Several studies have shown that centenarians have better cardiovascular risk profiles compared to younger old people. Some reports have revealed that cardiovascular diseases (i.e. hypertension, diabetes, angina and/or myocardial infarction) are less common in centenarians respect to 70 and 80 years old persons. In order to explain this evidence, there is a growing number of hypothesis that consider a combination of genetic factors and lifestyle aspects to elucidate the exceptional longevity of centenarians, able to overcome the most frequent mortality cause, which is a cardiovascular event. It has been suggested that a role on this better cardiovascular risk profile may be played by the increasing use of pharmacologic treatments in the elderly population (specially for hypertension and dyslipidemia), but the contribution of drug treatments to promote extreme longevity is not confirmed. Furthermore, centenarians in general have needed fewer drugs at younger ages due to a healthy lifestyle. The importance of the genetic contribution is demonstrated by the inheritance of low-risk cardiovascular profiles in centenarian offspring and lower prevalence of cardiovascular diseases in this population as compared with their spouses or with age-matched subjects without centenarian parents. Another advantage in centenarians' offspring seems to be a delay in the onset for cardiovascular diseases, respect to age- and sex-matched controls. Cardiovascular risk factors mirror the factors that contribute to longevity. Hence, it is not surprising that these risk factors are less prevalent in centenarians when compared to younger old individuals.

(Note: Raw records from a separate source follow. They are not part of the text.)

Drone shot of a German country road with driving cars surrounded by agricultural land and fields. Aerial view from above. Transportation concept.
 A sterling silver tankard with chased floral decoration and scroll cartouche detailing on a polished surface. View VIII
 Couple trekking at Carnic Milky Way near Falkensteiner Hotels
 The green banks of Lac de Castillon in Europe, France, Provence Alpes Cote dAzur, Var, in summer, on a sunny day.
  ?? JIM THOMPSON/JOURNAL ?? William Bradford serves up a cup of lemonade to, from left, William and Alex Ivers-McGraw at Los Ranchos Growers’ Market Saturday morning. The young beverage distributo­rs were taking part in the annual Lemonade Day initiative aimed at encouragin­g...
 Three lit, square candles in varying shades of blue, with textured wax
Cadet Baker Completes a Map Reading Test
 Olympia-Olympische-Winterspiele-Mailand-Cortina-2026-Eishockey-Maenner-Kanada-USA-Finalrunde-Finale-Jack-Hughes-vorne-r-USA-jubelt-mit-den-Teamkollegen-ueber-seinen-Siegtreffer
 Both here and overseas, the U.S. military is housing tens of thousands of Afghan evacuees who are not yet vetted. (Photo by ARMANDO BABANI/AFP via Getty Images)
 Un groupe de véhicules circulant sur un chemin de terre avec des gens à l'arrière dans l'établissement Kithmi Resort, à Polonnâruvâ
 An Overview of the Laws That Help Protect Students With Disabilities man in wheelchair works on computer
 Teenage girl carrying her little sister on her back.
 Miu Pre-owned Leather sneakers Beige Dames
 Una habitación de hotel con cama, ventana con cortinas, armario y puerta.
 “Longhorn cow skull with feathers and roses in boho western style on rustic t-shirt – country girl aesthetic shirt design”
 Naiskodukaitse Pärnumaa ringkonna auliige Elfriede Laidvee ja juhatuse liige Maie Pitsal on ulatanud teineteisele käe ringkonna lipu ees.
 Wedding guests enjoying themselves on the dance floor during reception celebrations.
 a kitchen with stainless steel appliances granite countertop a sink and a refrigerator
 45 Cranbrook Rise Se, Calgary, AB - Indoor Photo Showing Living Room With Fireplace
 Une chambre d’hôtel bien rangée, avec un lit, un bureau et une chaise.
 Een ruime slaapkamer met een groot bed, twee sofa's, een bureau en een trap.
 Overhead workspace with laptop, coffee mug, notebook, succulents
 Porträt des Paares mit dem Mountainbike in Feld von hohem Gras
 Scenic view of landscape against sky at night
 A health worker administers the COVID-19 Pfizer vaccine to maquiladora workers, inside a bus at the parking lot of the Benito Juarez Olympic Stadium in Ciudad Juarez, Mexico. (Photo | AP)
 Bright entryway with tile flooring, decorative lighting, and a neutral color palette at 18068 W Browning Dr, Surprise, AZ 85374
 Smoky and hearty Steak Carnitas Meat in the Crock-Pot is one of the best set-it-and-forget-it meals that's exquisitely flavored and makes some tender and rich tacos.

多项研究表明,与年轻的老年人相比,百岁老人具有更好的心血管疾病风险状况。一些报告显示,与70岁和80岁的人群相比,心血管疾病(即高血压、糖尿病、心绞痛和/或心肌梗死)在百岁老人中不太常见。为了解释这一现象,越来越多的假说认为,遗传因素和生活方式因素共同作用,使得百岁老人能够克服最常见的死亡原因——心血管事件,从而实现超长寿命。有人认为,老年人群中药物治疗(特别是用于治疗高血压和血脂异常的药物)使用的增加,可能对改善心血管疾病风险状况起到了一定作用,但药物治疗对促进超长寿命的贡献尚未得到证实。此外,由于生活方式健康,百岁老人在年轻时通常需要的药物较少。百岁老人后代中低风险心血管疾病状况的遗传,以及与他们的配偶或没有百岁老人父母的年龄匹配对象相比,该人群中心血管疾病的患病率较低,都证明了遗传因素的重要性。与年龄和性别匹配的对照组相比,百岁老人后代的另一个优势似乎是心血管疾病发病延迟。心血管疾病风险因素反映了有助于长寿的因素。因此,与年轻的老年人相比,这些风险因素在百岁老人中不太普遍也就不足为奇了。